Il decreto legislativo è il n. 127 del 5 agosto 2015 ma solo da pochi mesi, viste le scadenze imminenti, sembra che le aziende abbiano iniziato davvero ad interessarsene. Per coloro con un fatturato annuo superiore ai 400.000€ la data di partenza obbligata era il 1 luglio 2019, mentre per i restanti il tutto è rimandato a gennaio 2020.

Invio dei corrispettivi elettronici: opportunità o vincolo?

I Retailer sono chiamati a prendere decisioni importanti soprattutto perché l’investimento economico potrebbe risultare rilevante pur considerando l’esistenza di un credito d’imposta pari al 50% della spesa sostenuta per l’acquisto del nuovo hardware. Per prima cosa è infatti necessario sostituire i tradizionali registratori fiscali con i nuovi registratori telematici (visualizza la pagina di progetto per maggiori dettagli sugli RT per l’invio dei corrispettivi telematici)

Come spesso accade in questi casi l’imposizione normativa può essere vista come obbligo fine a sé stesso o come un’opportunità. Lasciateci dire che la nostra esperienza sulla tematica ci porta a sostenere che per le piccole/medie realtà possa essere più un’opportunità mentre per i grandi player forse può risultare più un’imposizione senza troppi risvolti positivi, anzi spesso si troveranno a dover gestire un’integrazione non banale con i propri sistemi gestionali.

Per il piccolo/medio Retailer l’opportunità che vediamo è la rivisitazione della propria connettività (il Registratore Telematico ha necessità di essere collegato ad Internet per poter dialogare con l’Agenzia delle Entrate). Infine potrebbe anche essere l’occasione per svecchiare il proprio software retail, sfruttando così questo obbligo come opportunità per migliorare l’efficienza e l’efficacia della propria rete vendita.

Chi ha un gestionale dovrà procedere all’aggiornamento del proprio software per comunicare con il nuovo dispositivo RT.

Ricordiamo che il nuovo scontrino sarà un “documento commerciale” che avrà tre distinte nature: vendita, annullo e reso. 

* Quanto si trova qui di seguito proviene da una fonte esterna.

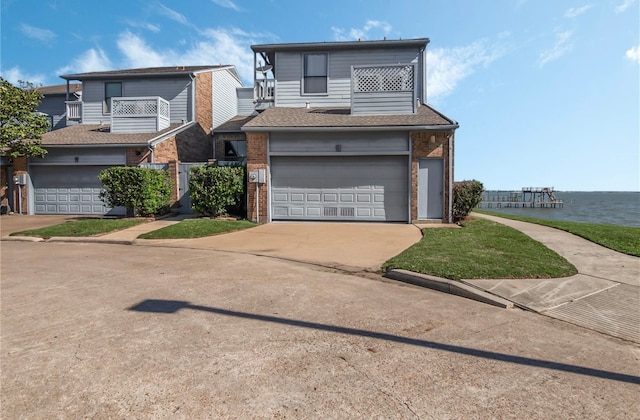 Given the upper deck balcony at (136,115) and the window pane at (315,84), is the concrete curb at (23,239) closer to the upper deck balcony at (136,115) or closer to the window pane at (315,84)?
the upper deck balcony at (136,115)

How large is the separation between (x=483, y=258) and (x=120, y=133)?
54.3ft

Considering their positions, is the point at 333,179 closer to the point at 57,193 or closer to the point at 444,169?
the point at 444,169

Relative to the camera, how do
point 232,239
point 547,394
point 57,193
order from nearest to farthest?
point 547,394, point 232,239, point 57,193

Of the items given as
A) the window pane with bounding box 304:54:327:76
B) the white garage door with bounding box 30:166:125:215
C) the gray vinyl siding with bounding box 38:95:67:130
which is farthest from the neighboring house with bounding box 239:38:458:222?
the gray vinyl siding with bounding box 38:95:67:130

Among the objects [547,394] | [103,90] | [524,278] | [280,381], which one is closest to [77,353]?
[280,381]

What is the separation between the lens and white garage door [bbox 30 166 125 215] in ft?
50.1

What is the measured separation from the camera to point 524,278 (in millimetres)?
5176

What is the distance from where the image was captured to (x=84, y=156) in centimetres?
1506

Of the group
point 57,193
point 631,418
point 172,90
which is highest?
point 172,90

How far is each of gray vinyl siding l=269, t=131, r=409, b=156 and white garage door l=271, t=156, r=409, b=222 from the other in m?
0.31

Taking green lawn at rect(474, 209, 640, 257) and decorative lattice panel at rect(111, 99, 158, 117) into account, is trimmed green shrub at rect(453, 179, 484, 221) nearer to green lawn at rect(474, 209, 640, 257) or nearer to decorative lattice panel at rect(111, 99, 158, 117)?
green lawn at rect(474, 209, 640, 257)

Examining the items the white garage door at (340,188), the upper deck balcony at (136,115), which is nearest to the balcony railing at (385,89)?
the white garage door at (340,188)

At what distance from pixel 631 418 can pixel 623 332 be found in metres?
1.73

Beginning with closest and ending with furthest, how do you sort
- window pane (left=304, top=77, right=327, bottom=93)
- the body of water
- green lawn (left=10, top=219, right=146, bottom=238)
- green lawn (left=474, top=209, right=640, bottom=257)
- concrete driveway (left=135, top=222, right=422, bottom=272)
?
concrete driveway (left=135, top=222, right=422, bottom=272), green lawn (left=474, top=209, right=640, bottom=257), green lawn (left=10, top=219, right=146, bottom=238), window pane (left=304, top=77, right=327, bottom=93), the body of water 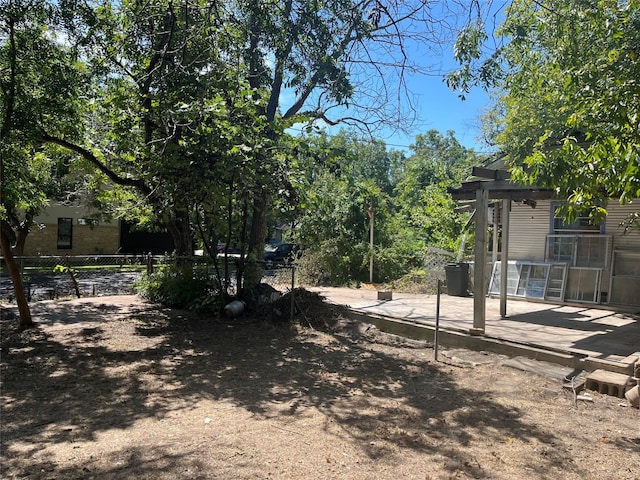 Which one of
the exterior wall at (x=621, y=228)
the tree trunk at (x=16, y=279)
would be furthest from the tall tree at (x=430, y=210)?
the tree trunk at (x=16, y=279)

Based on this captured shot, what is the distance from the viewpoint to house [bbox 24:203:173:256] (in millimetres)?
25906

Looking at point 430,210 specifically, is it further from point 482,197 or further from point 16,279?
point 16,279

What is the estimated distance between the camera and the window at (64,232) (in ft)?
87.8

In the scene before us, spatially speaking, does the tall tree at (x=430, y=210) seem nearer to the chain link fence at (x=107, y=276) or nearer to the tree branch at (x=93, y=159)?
the chain link fence at (x=107, y=276)

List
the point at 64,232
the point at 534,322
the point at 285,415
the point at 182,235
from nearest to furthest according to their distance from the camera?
1. the point at 285,415
2. the point at 534,322
3. the point at 182,235
4. the point at 64,232

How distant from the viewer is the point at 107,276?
18.6 meters

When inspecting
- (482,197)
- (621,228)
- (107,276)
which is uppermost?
(482,197)

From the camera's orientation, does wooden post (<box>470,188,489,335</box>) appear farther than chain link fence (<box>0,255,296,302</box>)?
No

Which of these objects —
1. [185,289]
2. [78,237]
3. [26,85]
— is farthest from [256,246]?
[78,237]

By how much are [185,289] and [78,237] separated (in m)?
19.7

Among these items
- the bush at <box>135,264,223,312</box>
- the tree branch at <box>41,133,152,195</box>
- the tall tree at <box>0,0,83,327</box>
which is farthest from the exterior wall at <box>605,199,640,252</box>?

Non esisterà più lo scontrino ibrido con differenti transazioni, ma ognuna di loro avrà una stampa specifica in cui saranno riportate ben distinte le varie nature IVA e le forme di pagamento utilizzate. Questo comporta modifiche applicative importanti a vari livelli. Per il gestore dello Store infatti l’operazione dovrebbe poter essere realizzabile come avviene oggi, lasciando al software l’onere di gestire la divisione nei tre documenti distinti. Lato Sede invece si rischia, se non gestito correttamente, di trovare problemi nelle analisi statistiche dei punti vendita. Sistemi gestionali che non riescono a collegare le vendite ai resi forniranno alla Business Intelligence dati separati, falsando le performance di vendita.

Registratori telematici e server RT

Due le possibili configurazioni per l’invio dei corrispettivi elettronici: tramite Registratore Telematico o tramite server RT. Nel primo caso si tratta di un dispositivo del tutto assimilabile all’attuale registratore di cassa, che può essere utilizzato in store che hanno fino a due registratori telematici. Se invece il negozio ha più di tre punti cassa allora diventa obbligatorio utilizzare un Server RT che centralizza in un unico dispositivo tutte le vendite del negozio e si occupa della trasmissione del dato all’Agenzia delle Entrate.

Entrambi i dispositivi, certificati dal produttore e disgiunti dal software gestionale dello Store, sono dotati di un certificato registrato nella memoria permanente di riepilogo del Registratore Telematico, in abbinamento con la chiave privata generata in fase di produzione del Registratore.

Conclusioni sull’invio dei corrispettivi

Per concludere diciamo che sicuramente in questa prima fase è più facile evidenziare le criticità rispetto ai reali benefici, che in questo momento sembrano propendere più verso l’erario; tuttavia se poniamo l’attenzione sulla fase di checkout forse in un futuro ormai prossimo il punto cassa diverrà uno strumento prezioso per lo Store non solo per transare la vendita ma anche per erogare servizi al consumatore finale.